Exercise goal: Your task is to retype, exactly and only, the lines from the one containing "Bebê nasce com" to the final line of the entries, leaving out all pictures.

Supplied material:
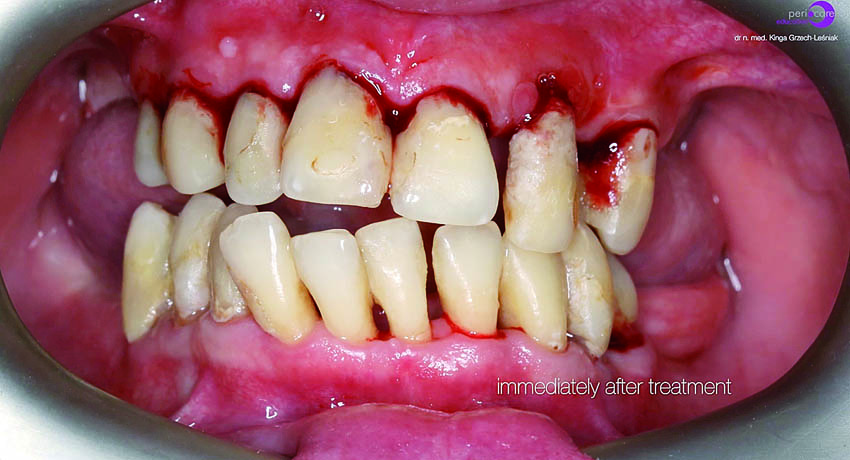 Κατάσταση αμέσως μετά την επέμβαση, την αφαίρεση της υποουλικής τρυγίας και την αποστείρωση των περιοδοντικών θυλάκων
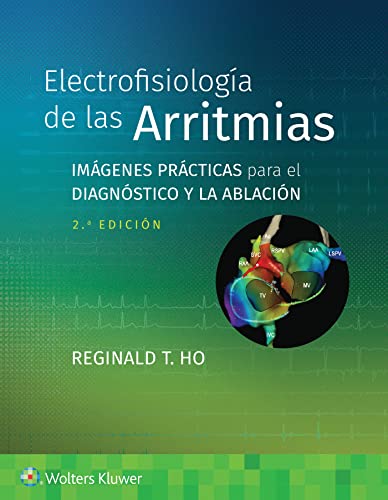 Electrofisiolog&237a de las arritmias Im&225genes pr&225cticas para el di [Paperback]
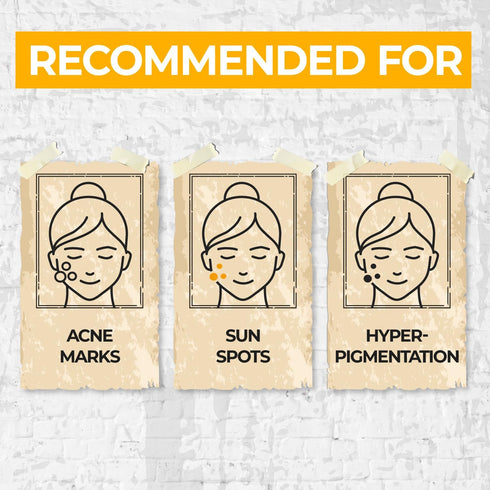numbuzin No.5+ Vitamin Concentrated Serum | Glutathione & Vitamin Serum, Dark Spot, Korean Skincare 1.01fl.oz/30ml...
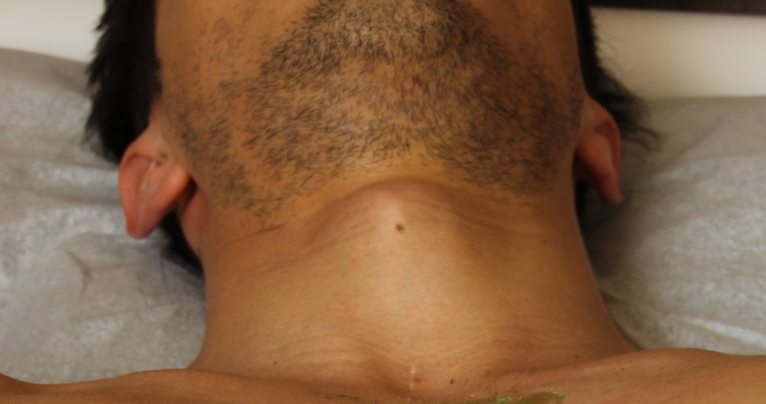 Full Chest with Nipples Hard Wax - Brazilian Waxing Center.Spa Services In  Manhattan NY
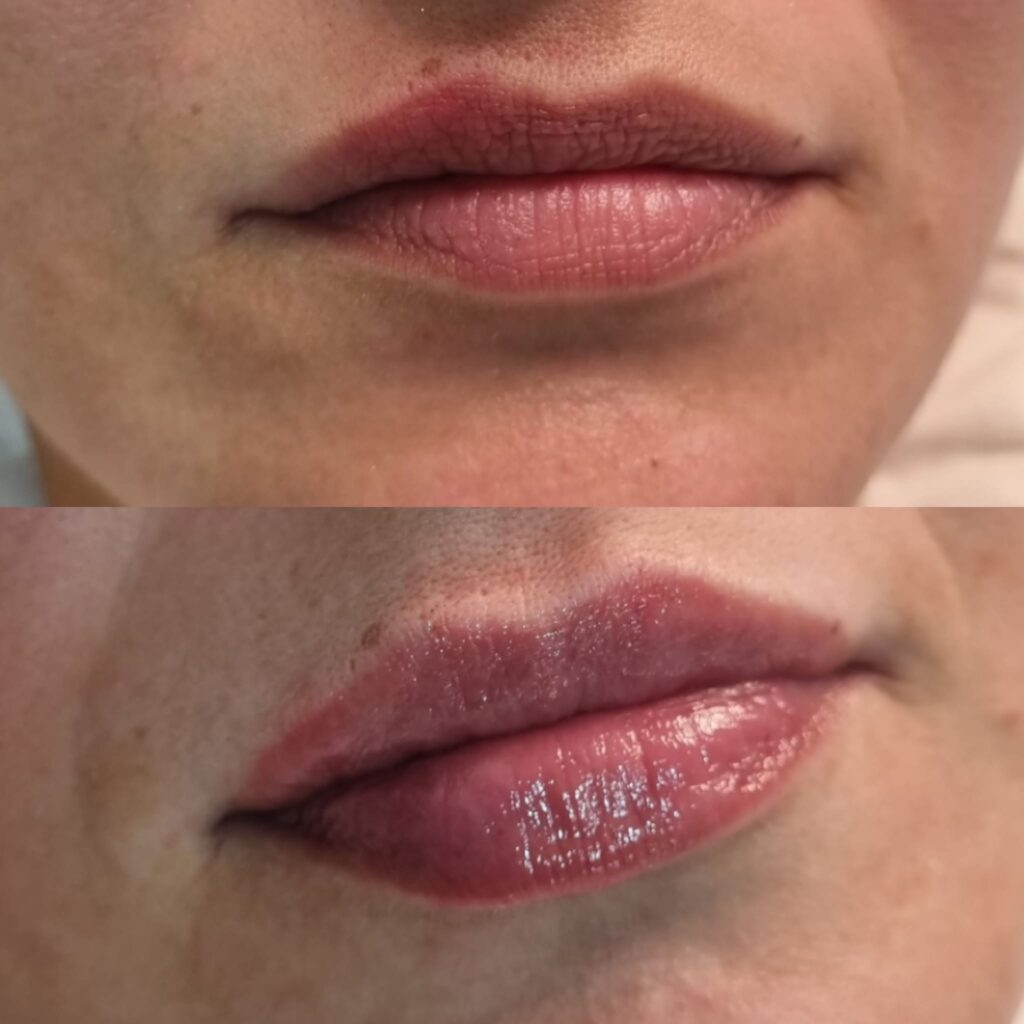 Înainte și imediat după injectarea buzelor cu acid hialuronic – rezultat real Top Skin, volum feminin echilibrat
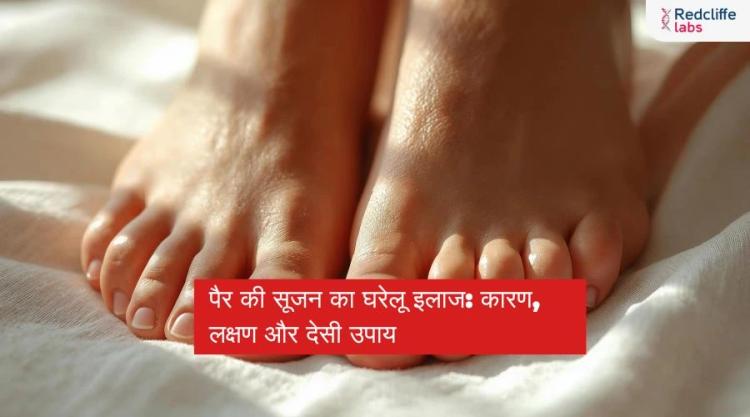 पैर की सूजन का घरेलू इलाज: कारण, लक्षण और देसी उपाय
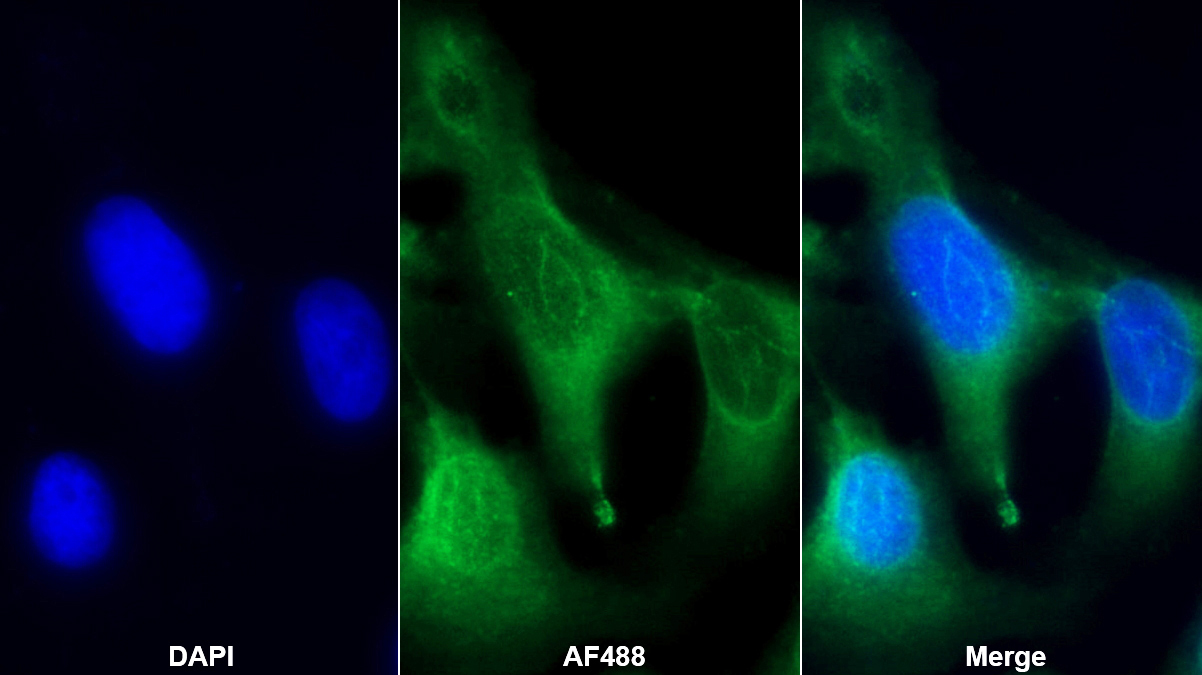 Polyclonal Antibody to Osteonectin (ON)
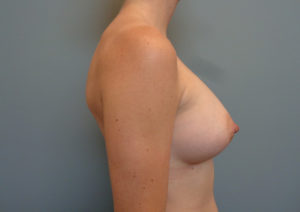 Breast Augmentation Before & After Pictures in Nashville, TN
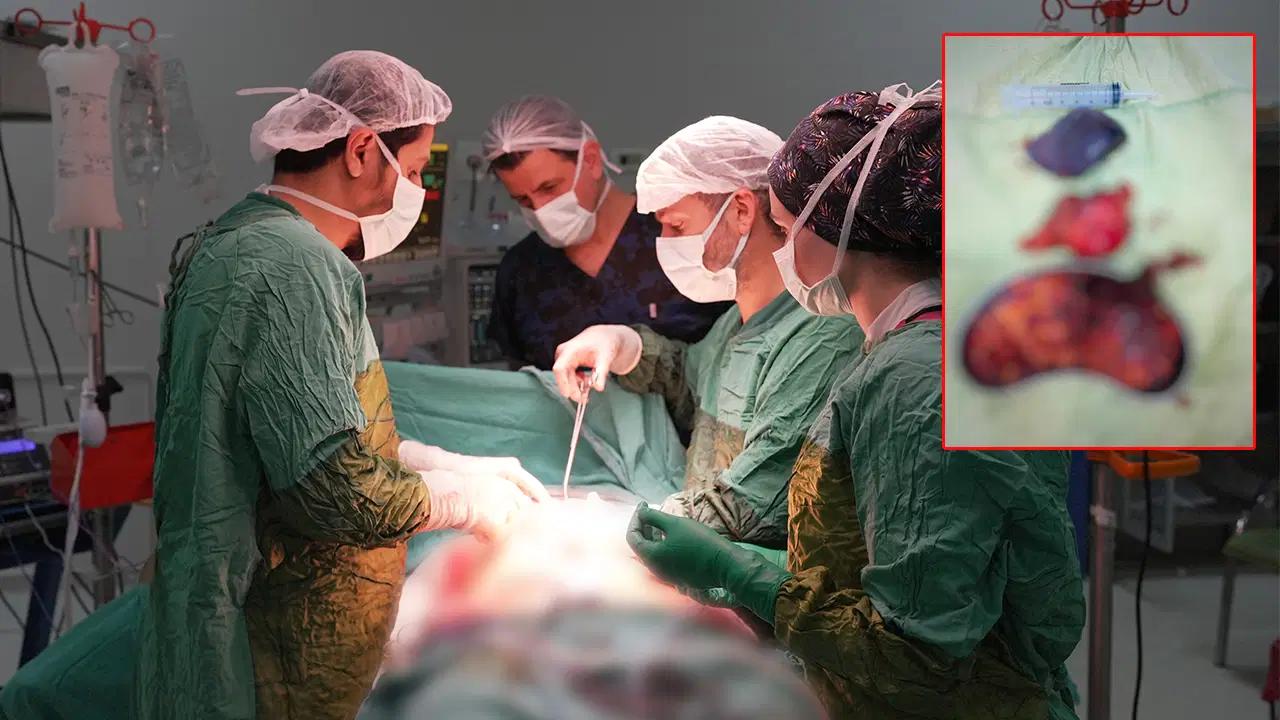 karnindaki-siskinlik-sikayetiyle-hastaneye-basvuran-kisiden-2-kilo-200-gram-agirliginda-tumor-cikarildi-4G5Dk5bz.jpg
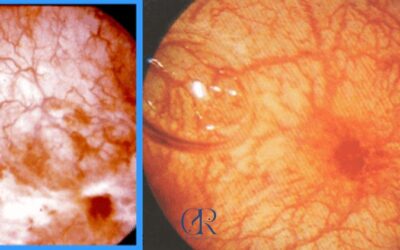 Cistitis crónica: causas, daños en la vejiga y tratamiento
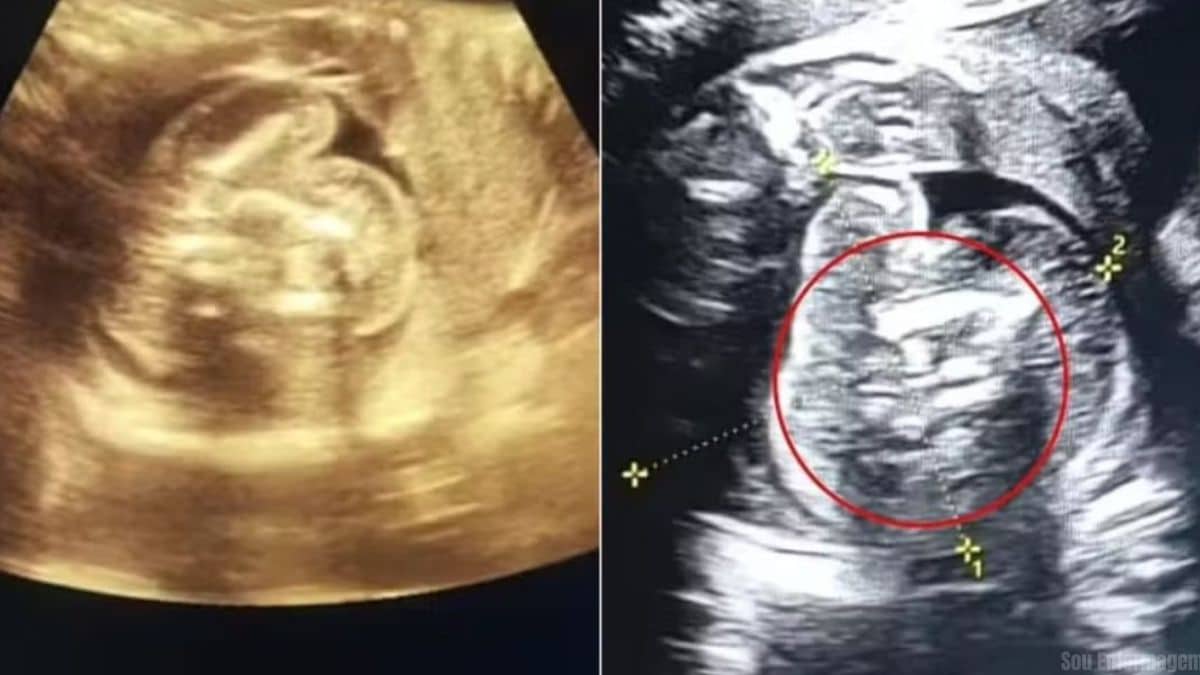 Bebê nasce com dois fetos dentro da barriga em caso médico raríssimo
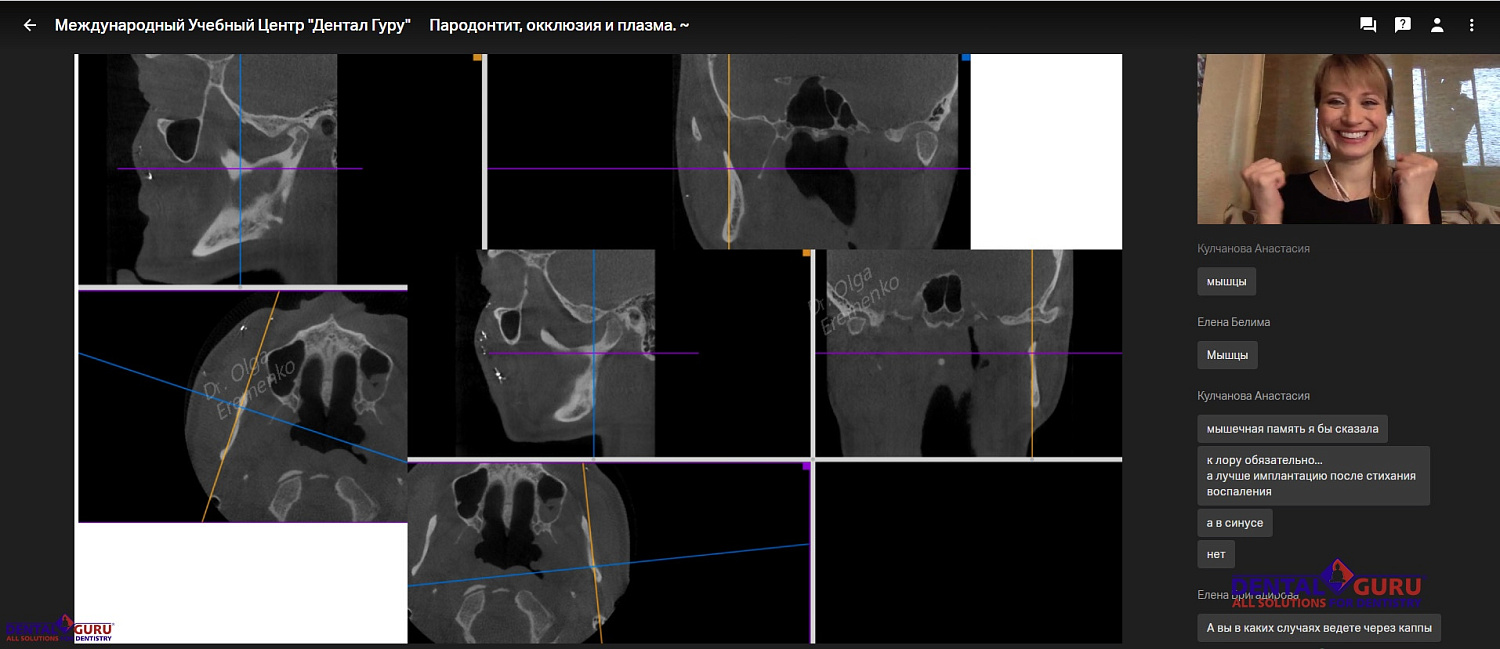 Пост-релиз: Онлайн-курс «Пародонтит, окклюзия и плазма» 29 мая 2020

Solution to this exercise:
 Bebê nasce com dois fetos dentro da barriga em caso médico raríssimo
 Пост-релиз: Онлайн-курс «Пародонтит, окклюзия и плазма» 29 мая 2020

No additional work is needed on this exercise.